Perfect, thank you! I do remember seeing that message now, but hadn't understood what it really meant.
I will test later today. Thanks
Ryan
On Sun, Mar 24, 2019 at 9:19 PM Tom Lane <tgl@sss.pgh.pa.us> wrote:
Chapman Flack <chap@anastigmatix.net> writes:
> On 03/24/19 21:04, Ryan Lambert wrote:
>> I am unable to get latest patches I found [1] to apply cleanly to current
>> branches. It's possible I missed the latest patches so if I'm using the
>> wrong ones please let me know. I tried against master, 11.2 stable and the
>> 11.2 tag with similar results.
> Tom pushed the content-with-DOCTYPE patch, it's now included in master,
> REL_11_STABLE, REL_10_STABLE, REL9_6_STABLE, REL9_5_STABLE, and
> REL9_4_STABLE.
Right. If you want to test (and please do!) you could grab the relevant
branch tip from our git repo, or download a nightly snapshot tarball from
https://www.postgresql.org/ftp/snapshot/
regards, tom lane
The following review has been posted through the commitfest application: make installcheck-world: tested, passed Implements feature: tested, passed Spec compliant: not tested Documentation: not tested I tested the master branch (commit 8edd0e7), REL_11_STABLE (commit 24df866) and REL9_6_STABLE (commit 5097368) and verifiedfunctionality. This patch fixes the bug I had reported [1] previously. With this in the stable branches is it safe to assume this will be included with the next minor releases? Thanks for yourwork on this!! Ryan [1] https://www.postgresql.org/message-id/flat/153478795159.1302.9617586466368699403%40wrigleys.postgresql.org The new status of this patch is: Ready for Committer
On 03/25/19 18:03, Ryan Lambert wrote: > The following review has been posted through the commitfest application: > make installcheck-world: tested, passed > Implements feature: tested, passed > Spec compliant: not tested > Documentation: not tested Hi, Thanks for the review! Yes, that part of this commitfest entry has been committed already and will appear in the next minor releases of those branches. That leaves only one patch in this commitfest entry that is still in need of review, namely the update to the documentation. If you happened to feel moved to look over a documentation patch, that would be what this CF entry most needs in the waning days of the commitfest. There seem to be community members reluctant to review it because of not feeling sufficiently expert in XML to scrutinize every technical detail, but there are other valuable angles for documentation review. (And the reason there *is* a documentation patch is the plentiful room for improvement in the documentation that's already there, so as far as reviewing goes, the old yarn about the two guys, the running shoes, and the bear comes to mind.) I can supply pointers to specs, etc., for anyone who does see some technical details in the patch and has questions about them. Regards, -Chap
Chapman Flack <chap@anastigmatix.net> writes: > Thanks for the review! Yes, that part of this commitfest entry has been > committed already and will appear in the next minor releases of those > branches. Indeed, thanks for verifying that this fixes your problem. > That leaves only one patch in this commitfest entry that is still in > need of review, namely the update to the documentation. Yeah. Since it *is* in need of review, I changed the CF entry's state back to Needs Review. regards, tom lane
Thanks for putting up with a new reviewer!

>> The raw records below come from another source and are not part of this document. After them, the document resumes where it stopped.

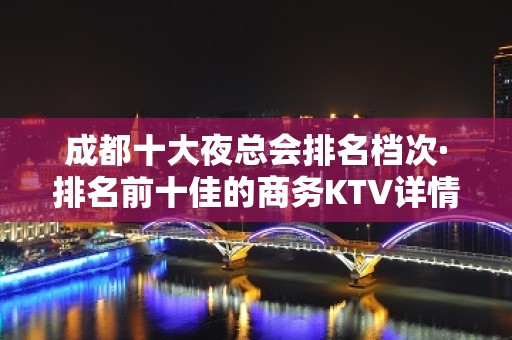 成都十大夜总会排名档次·排名前十佳的商务KTV详情介绍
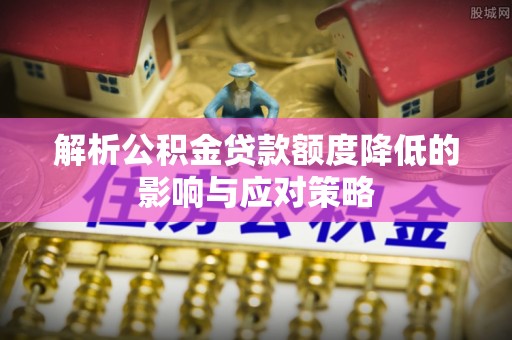 元宝山解析公积金贷款额度降低的影响与应对策略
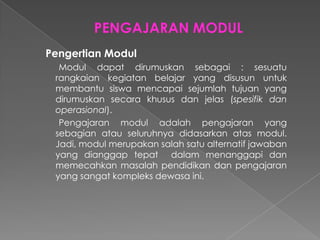 Pengertian Modul
Modul dapat dirumuskan sebagai : sesuatu
rangkaian kegiatan belajar yang disusun untuk
membantu siswa mencapai sejumlah tujuan yang
dirumuskan secara khusus dan jelas (spesifik dan
operasional).
Pengajaran modul adalah pengajaran yang
sebagian atau seluruhnya didasarkan atas modul.
Jadi, modul merupakan salah satu alternatif jawaban
yang dianggap tepat dalam menanggapi dan
memecahkan masalah pendidikan dan pengajaran
yang sangat kompleks dewasa ini.
 
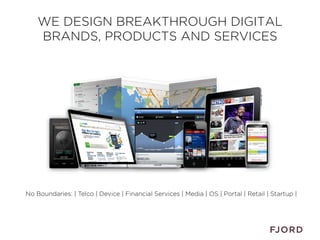 WE DESIGN BREAKTHROUGH DIGITAL
    BRANDS, PRODUCTS AND SERVICES




No Boundaries: | Telco | Device | Financial Services ...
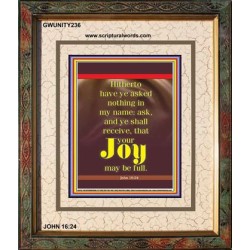 YOUR JOY SHALL BE FULL   Wall Art Poster   (GWUNITY236)   "20x25"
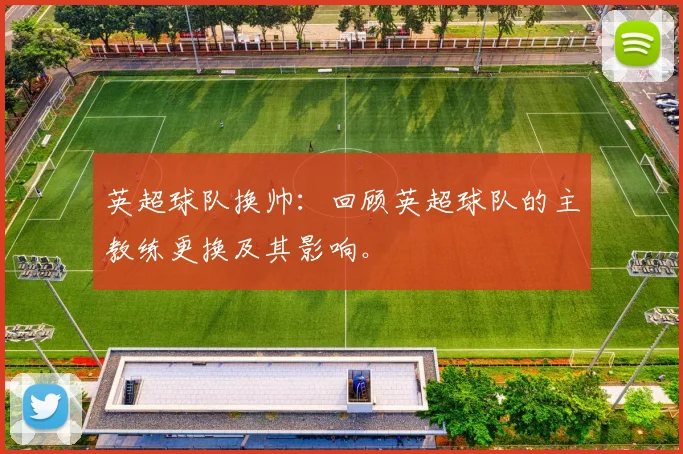 英超球队换帅：回顾英超球队的主教练更换及其影响。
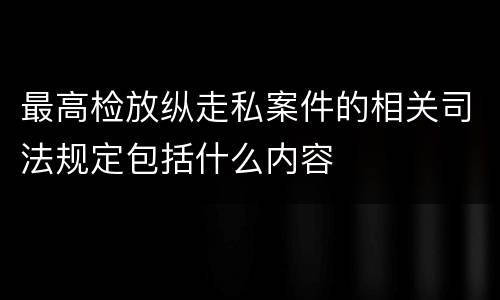 最高检放纵走私案件的相关司法规定包括什么内容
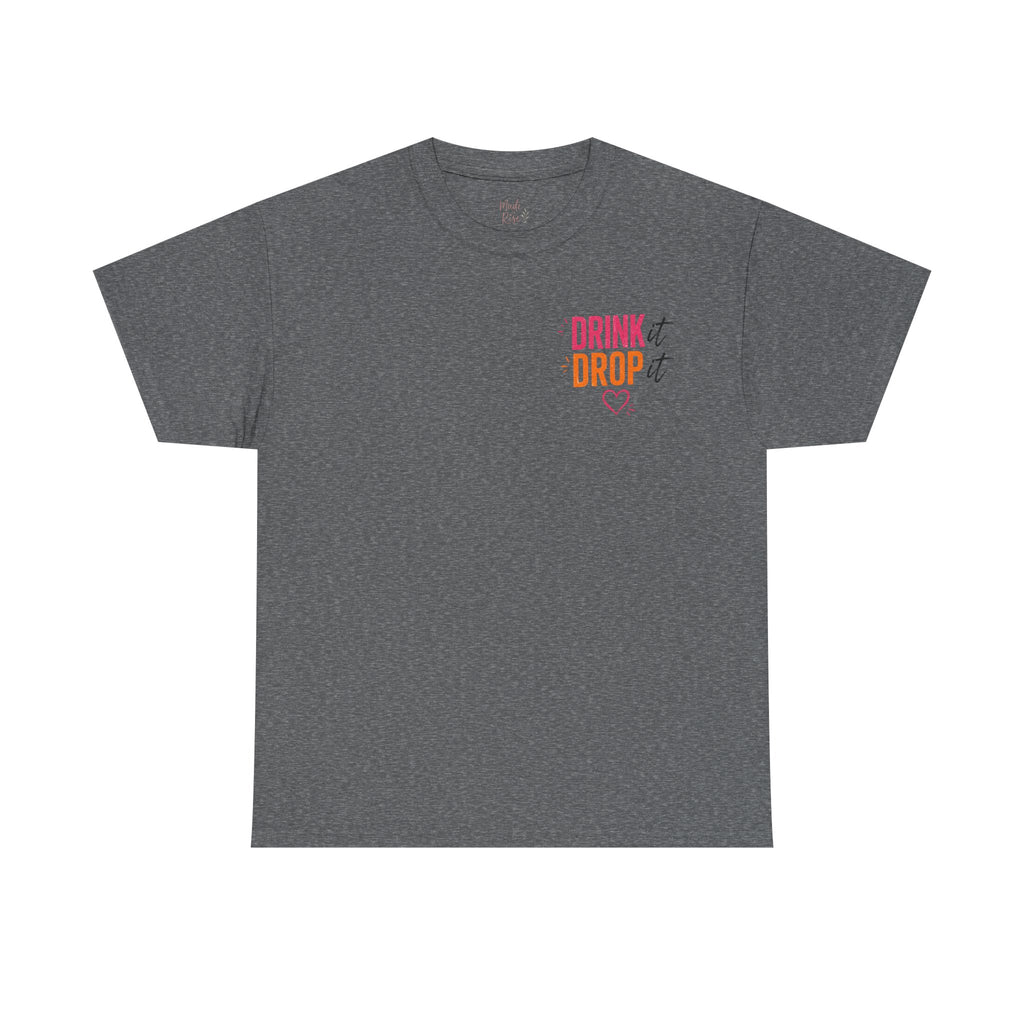 "Drops Fuel the Body, Hustle Fuels the Life" Workout T-Shirt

--with-libxml is the PostgreSQL configure option to make it use libxml2.
The very web page http://xmlsoft.org/index.html says "The XML C parser
and toolkit of Gnome: libxml" and is all about libxml2.
So I think I was unsure what convention to follow, and threw up my hands
and went with libxml. I could just as easily throw them up and go with
libxml2. Which do you think would be better?
I think leaving it as libxml makes sense with all that. Good point that --with-libxml is used to build so I think staying with that works and is consistent. I agree that having this point included does clarify the how and why of the limitations of this implementation.
I also over-parenthesize so I'm used to looking for that in my own writing. The full sentences were the ones that seemed excessive to me, I think the others are ok and I won't nit-pick either way on those (unless you want me to!).
If you agree, I should go through and fix my nodesets to be node-sets.
Yes, I like node-sets better, especially knowing it conforms to the spec's language.
Thanks,
Ryan Lambert
On Tue, Mar 26, 2019 at 11:05 PM Chapman Flack <chap@anastigmatix.net> wrote:
On 03/26/19 21:39, Ryan Lambert wrote:
> The following review has been posted through the commitfest application:
> make installcheck-world: tested, passed
> Implements feature: tested, passed
> Spec compliant: not tested
> Documentation: tested, passed
Thanks for the review!
> I have two recommendations for features.sgml. You state:
>
>> relies on the libxml library
>
> Should this be clarified as the libxml2 library? That's what I installed
> to build postgres from source (Ubuntu 16/18). If it is the libxml library
> and the "2" is irrelevant
That's a good catch. I'm not actually sure whether there is any "libxml"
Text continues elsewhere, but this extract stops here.